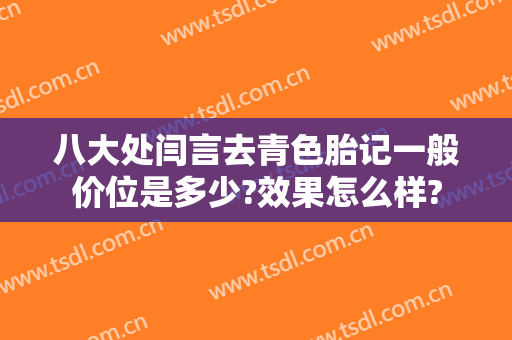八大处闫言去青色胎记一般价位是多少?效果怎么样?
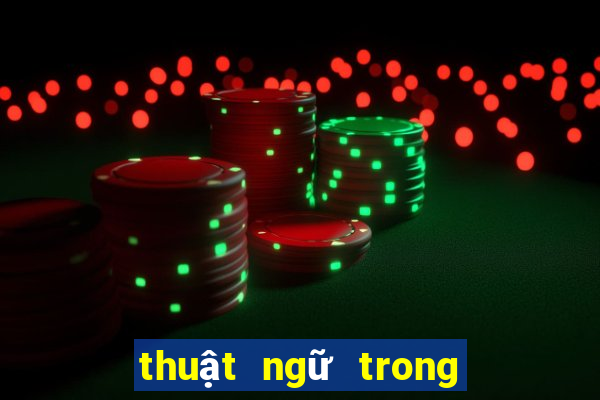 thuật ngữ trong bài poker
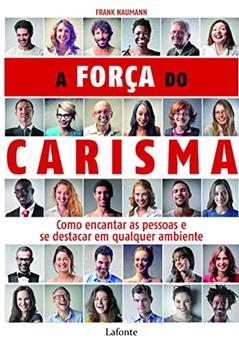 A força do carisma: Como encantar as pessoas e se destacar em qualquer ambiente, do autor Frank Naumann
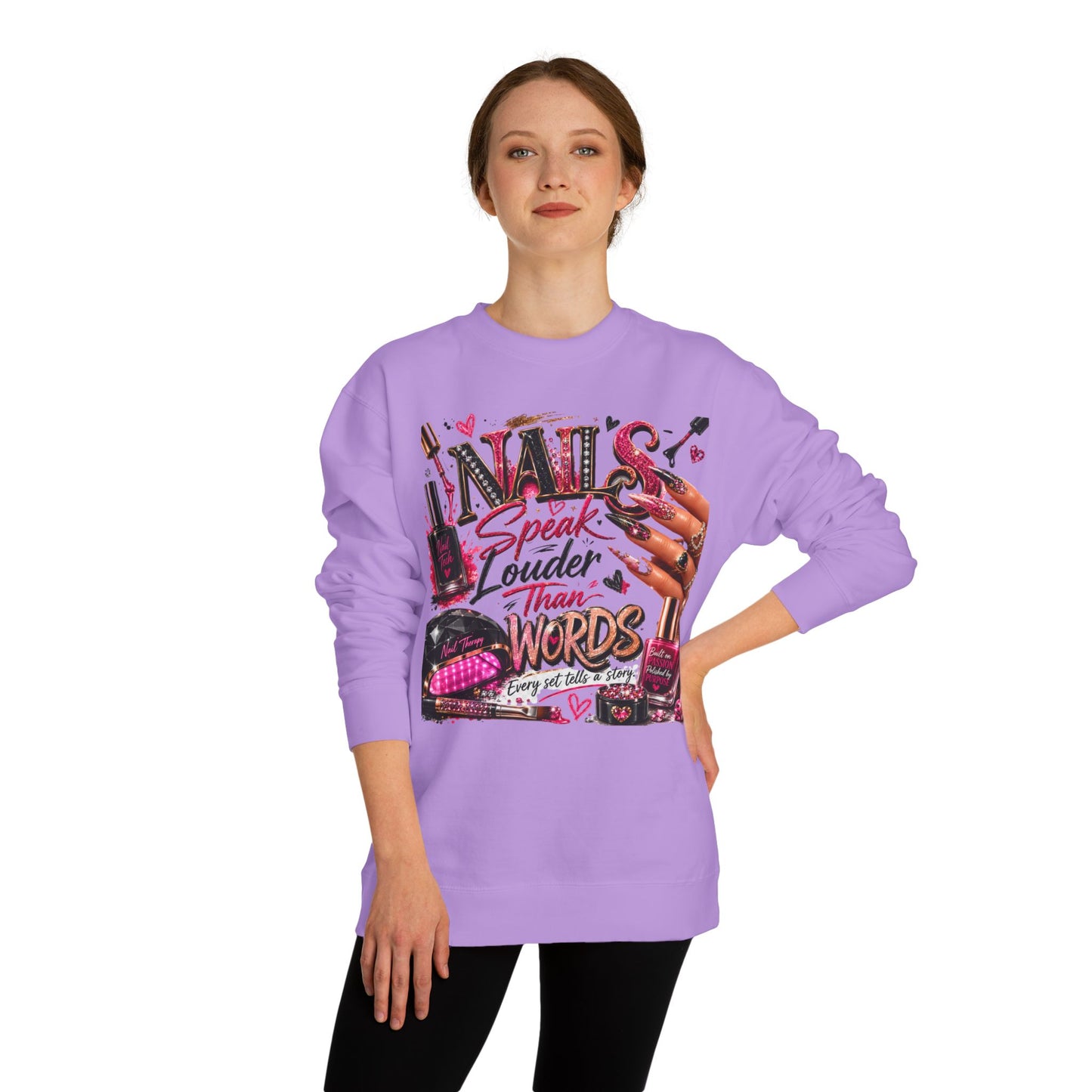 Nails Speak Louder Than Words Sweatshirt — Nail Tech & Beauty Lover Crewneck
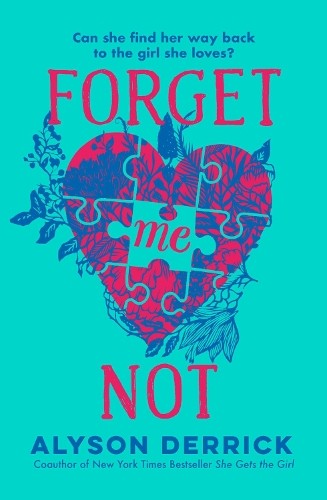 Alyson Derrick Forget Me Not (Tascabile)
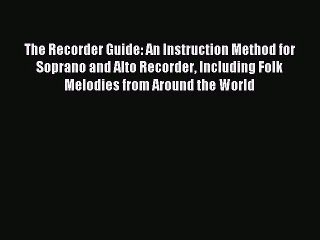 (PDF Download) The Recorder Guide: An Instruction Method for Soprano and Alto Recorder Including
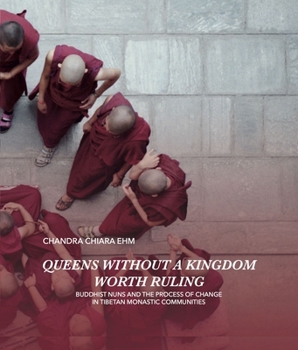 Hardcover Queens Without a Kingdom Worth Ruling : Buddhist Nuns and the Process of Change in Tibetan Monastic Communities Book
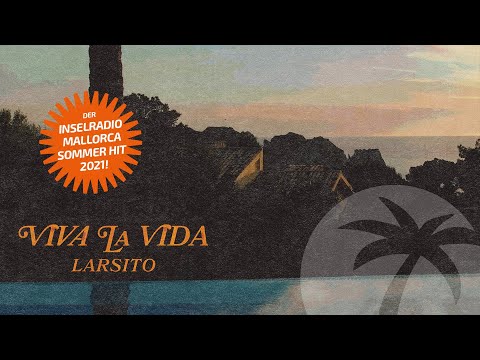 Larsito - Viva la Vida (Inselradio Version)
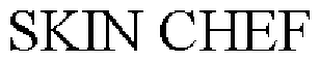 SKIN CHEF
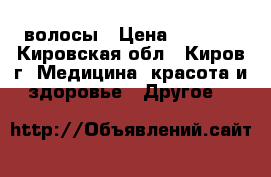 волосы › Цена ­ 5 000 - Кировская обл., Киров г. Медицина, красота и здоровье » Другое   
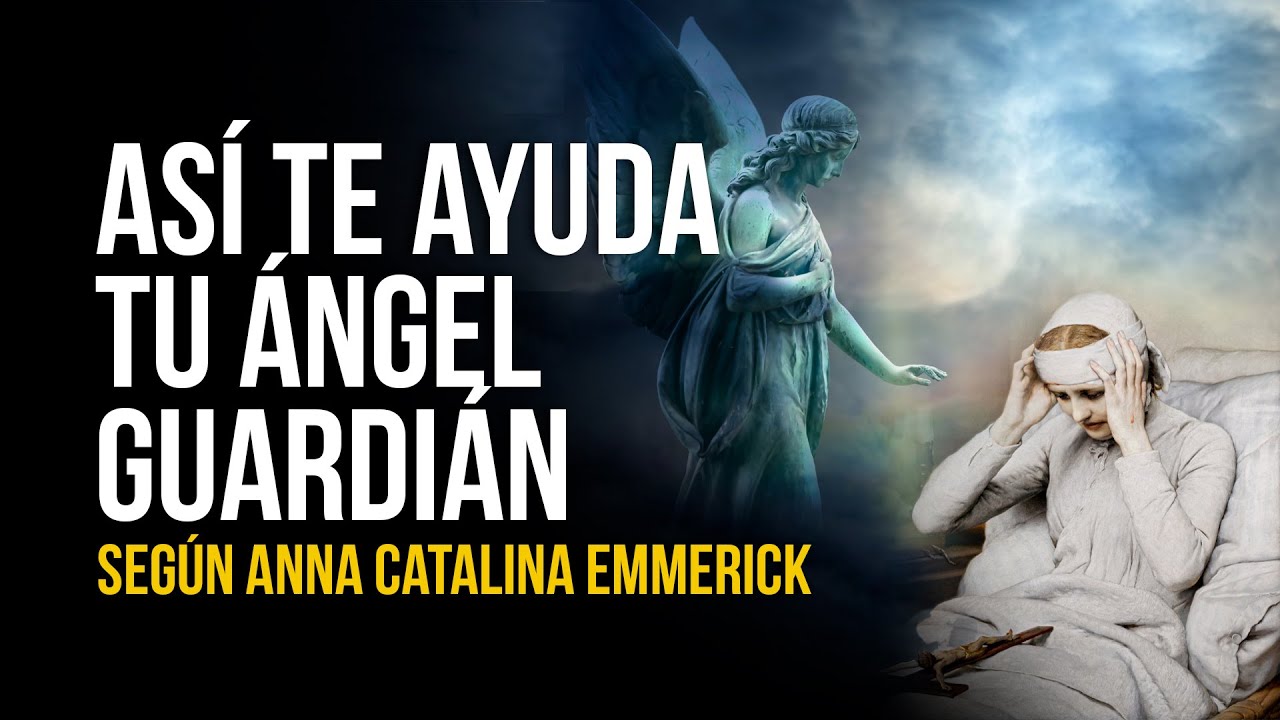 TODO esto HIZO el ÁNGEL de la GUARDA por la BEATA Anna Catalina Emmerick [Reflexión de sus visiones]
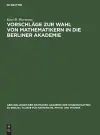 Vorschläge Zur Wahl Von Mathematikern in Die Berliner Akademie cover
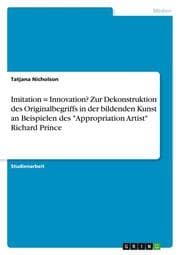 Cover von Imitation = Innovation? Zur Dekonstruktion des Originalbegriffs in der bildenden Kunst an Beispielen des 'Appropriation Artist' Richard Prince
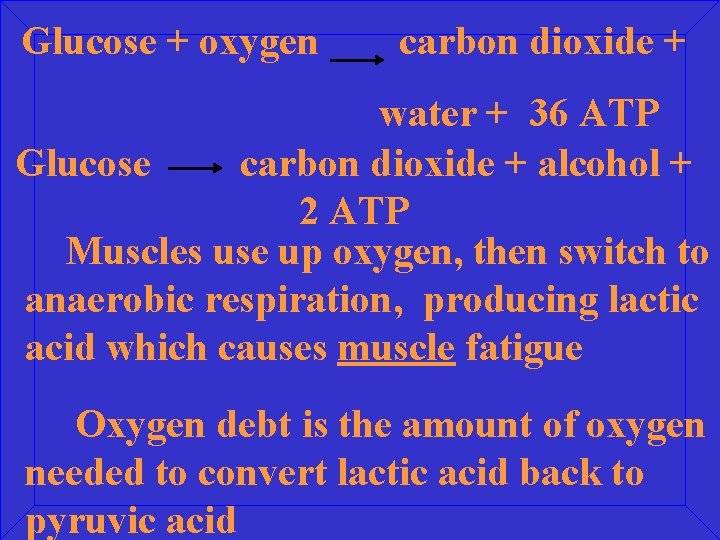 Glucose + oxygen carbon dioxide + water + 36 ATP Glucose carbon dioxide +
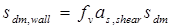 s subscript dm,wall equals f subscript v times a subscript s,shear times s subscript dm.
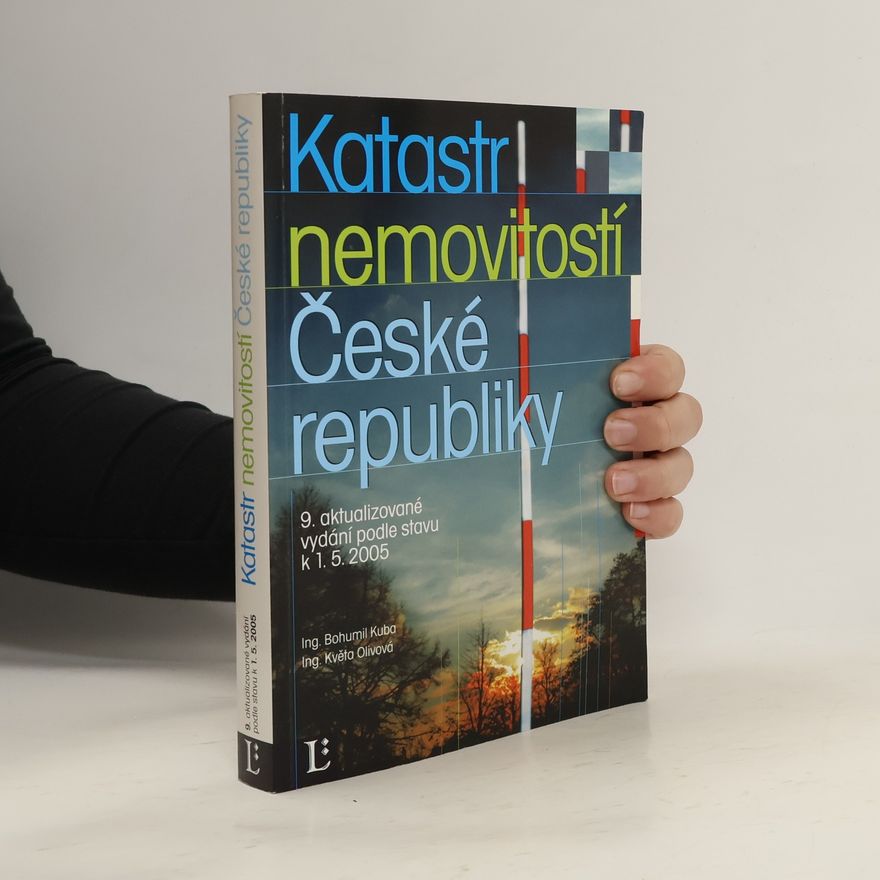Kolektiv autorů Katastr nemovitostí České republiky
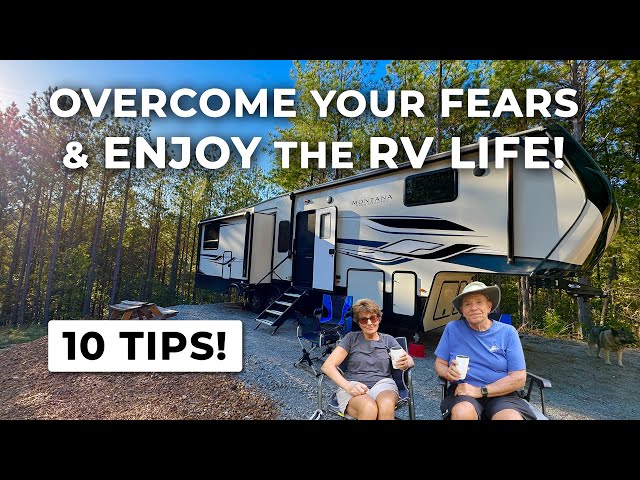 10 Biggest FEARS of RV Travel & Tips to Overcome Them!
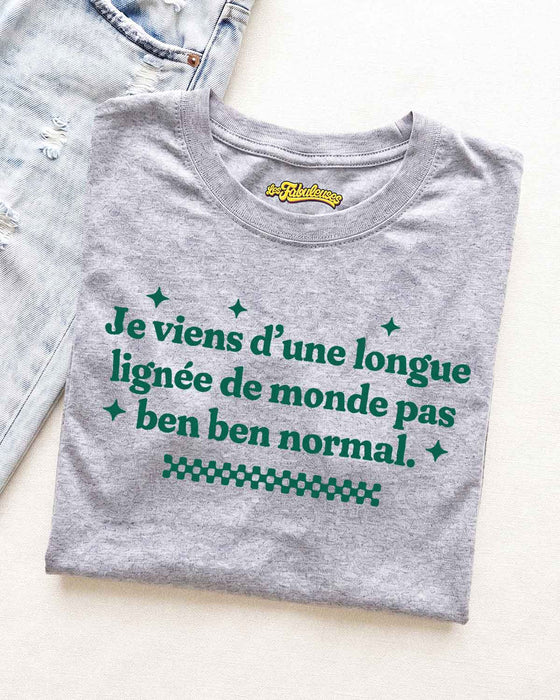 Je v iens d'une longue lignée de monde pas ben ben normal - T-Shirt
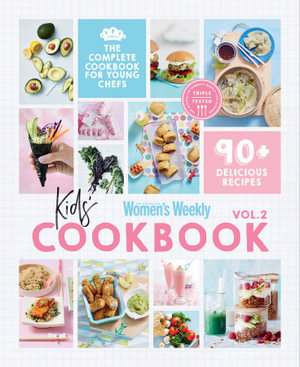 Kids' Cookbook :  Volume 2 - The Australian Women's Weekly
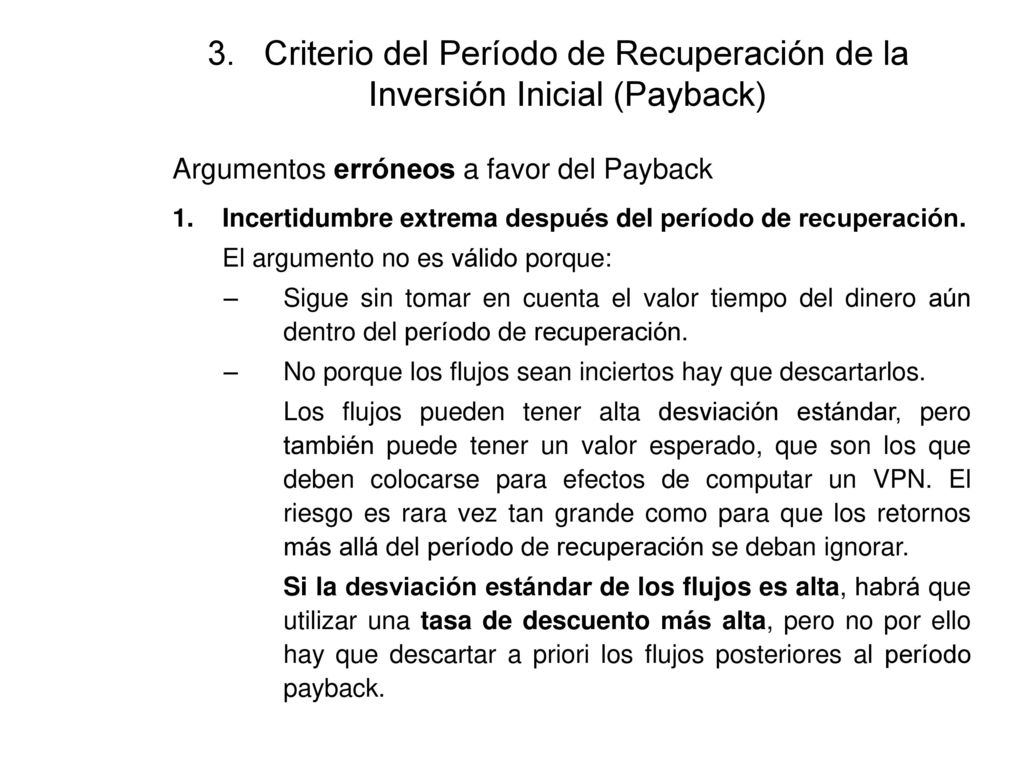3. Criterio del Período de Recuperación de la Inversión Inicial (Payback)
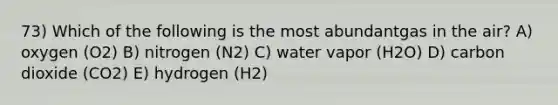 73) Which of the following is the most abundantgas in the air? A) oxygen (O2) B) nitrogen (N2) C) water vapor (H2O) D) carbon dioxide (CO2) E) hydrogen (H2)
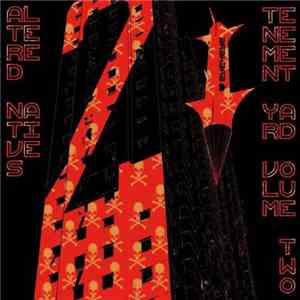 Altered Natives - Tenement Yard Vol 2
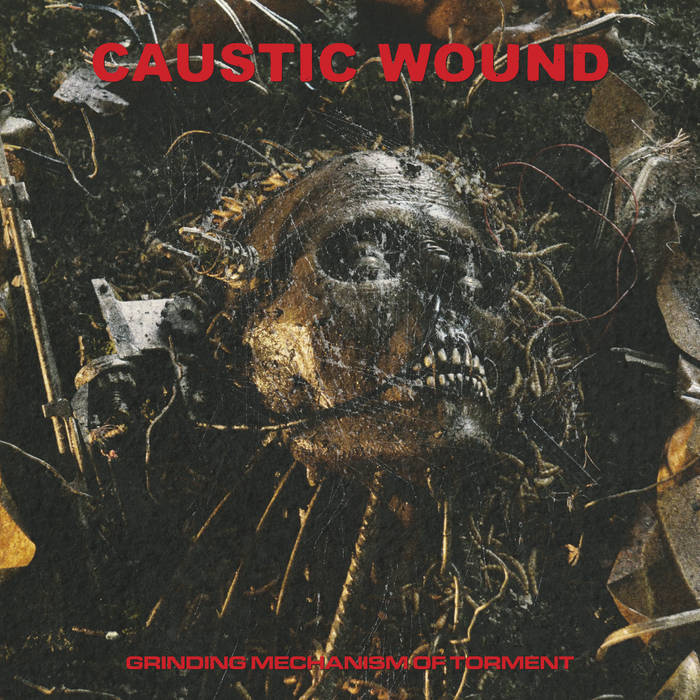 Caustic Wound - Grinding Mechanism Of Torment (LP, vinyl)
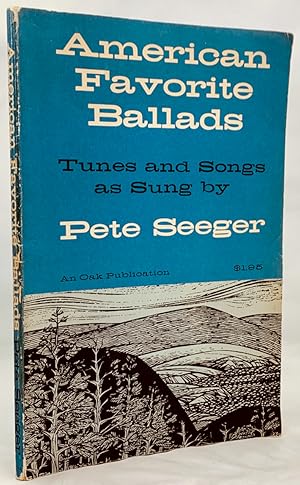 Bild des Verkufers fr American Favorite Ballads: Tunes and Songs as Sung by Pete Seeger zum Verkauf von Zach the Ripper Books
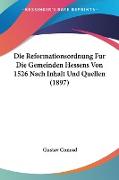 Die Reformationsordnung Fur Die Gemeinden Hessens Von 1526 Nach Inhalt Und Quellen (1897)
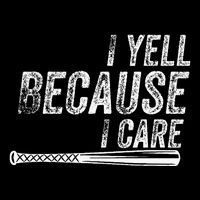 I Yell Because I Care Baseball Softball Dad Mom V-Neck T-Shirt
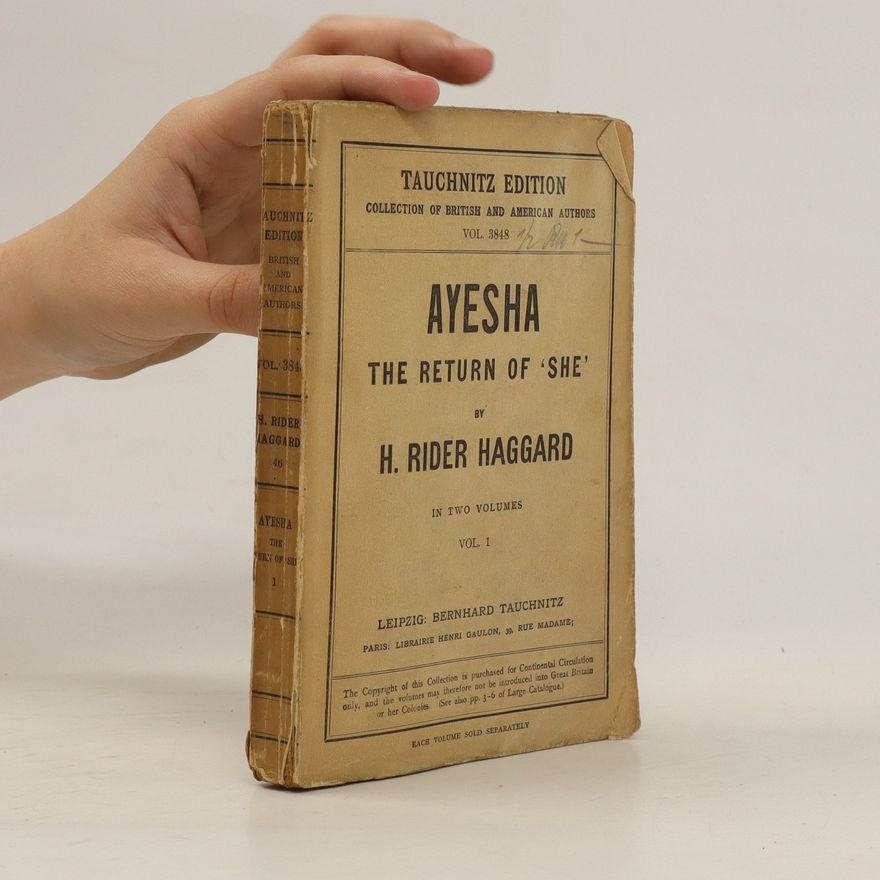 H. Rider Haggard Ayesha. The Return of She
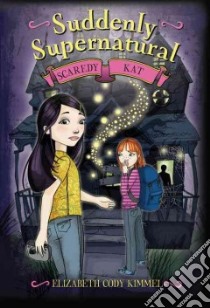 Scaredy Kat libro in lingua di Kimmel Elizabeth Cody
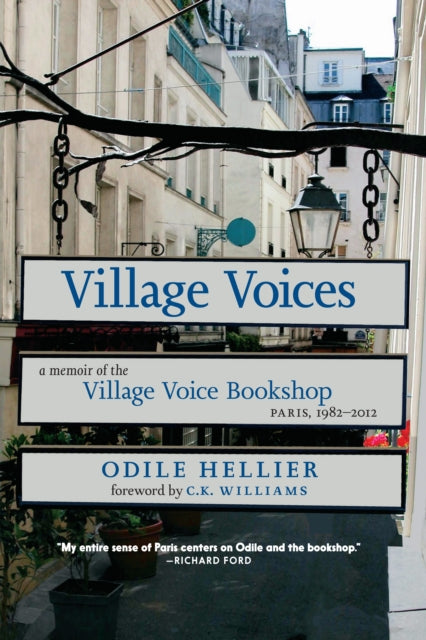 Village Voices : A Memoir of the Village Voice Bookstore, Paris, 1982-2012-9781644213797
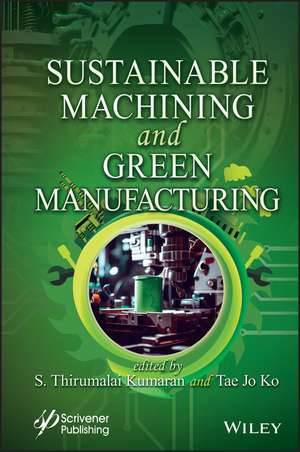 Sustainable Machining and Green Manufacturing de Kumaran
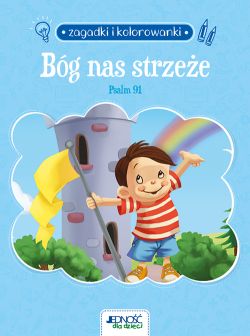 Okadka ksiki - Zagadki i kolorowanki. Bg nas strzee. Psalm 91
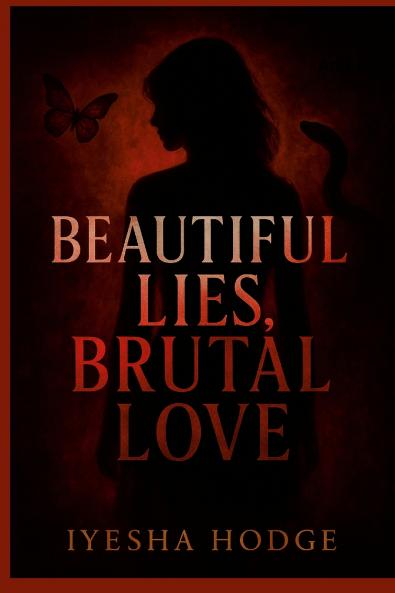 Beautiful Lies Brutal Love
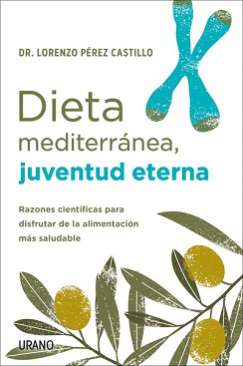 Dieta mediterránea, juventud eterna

----

■ **What you will do**: Pictures are to be left out while the lines from the beginning of the records through the line with "Australian Women's Weekly" are copied word for word.

■ **Answer box**:
八大处闫言去青色胎记一般价位是多少?效果怎么样?
 thuật ngữ trong bài poker
 A força do carisma: Como encantar as pessoas e se destacar em qualquer ambiente, do autor Frank Naumann
 Nails Speak Louder Than Words Sweatshirt — Nail Tech & Beauty Lover Crewneck
 Alyson Derrick Forget Me Not (Tascabile)
 (PDF Download) The Recorder Guide: An Instruction Method for Soprano and Alto Recorder Including
 Hardcover Queens Without a Kingdom Worth Ruling : Buddhist Nuns and the Process of Change in Tibetan Monastic Communities Book
 Larsito - Viva la Vida (Inselradio Version)
 SKIN CHEF
 волосы › Цена ­ 5 000 - Кировская обл., Киров г. Медицина, красота и здоровье » Другое   
 TODO esto HIZO el ÁNGEL de la GUARDA por la BEATA Anna Catalina Emmerick [Reflexión de sus visiones]
 Vorschläge Zur Wahl Von Mathematikern in Die Berliner Akademie cover
 Cover von Imitation = Innovation? Zur Dekonstruktion des Originalbegriffs in der bildenden Kunst an Beispielen des 'Appropriation Artist' Richard Prince
 Glucose + oxygen carbon dioxide + water + 36 ATP Glucose carbon dioxide +
 s subscript dm,wall equals f subscript v times a subscript s,shear times s subscript dm.
Kolektiv autorů Katastr nemovitostí České republiky
 10 Biggest FEARS of RV Travel & Tips to Overcome Them!
 Je v iens d'une longue lignée de monde pas ben ben normal - T-Shirt
 Kids' Cookbook :  Volume 2 - The Australian Women's Weekly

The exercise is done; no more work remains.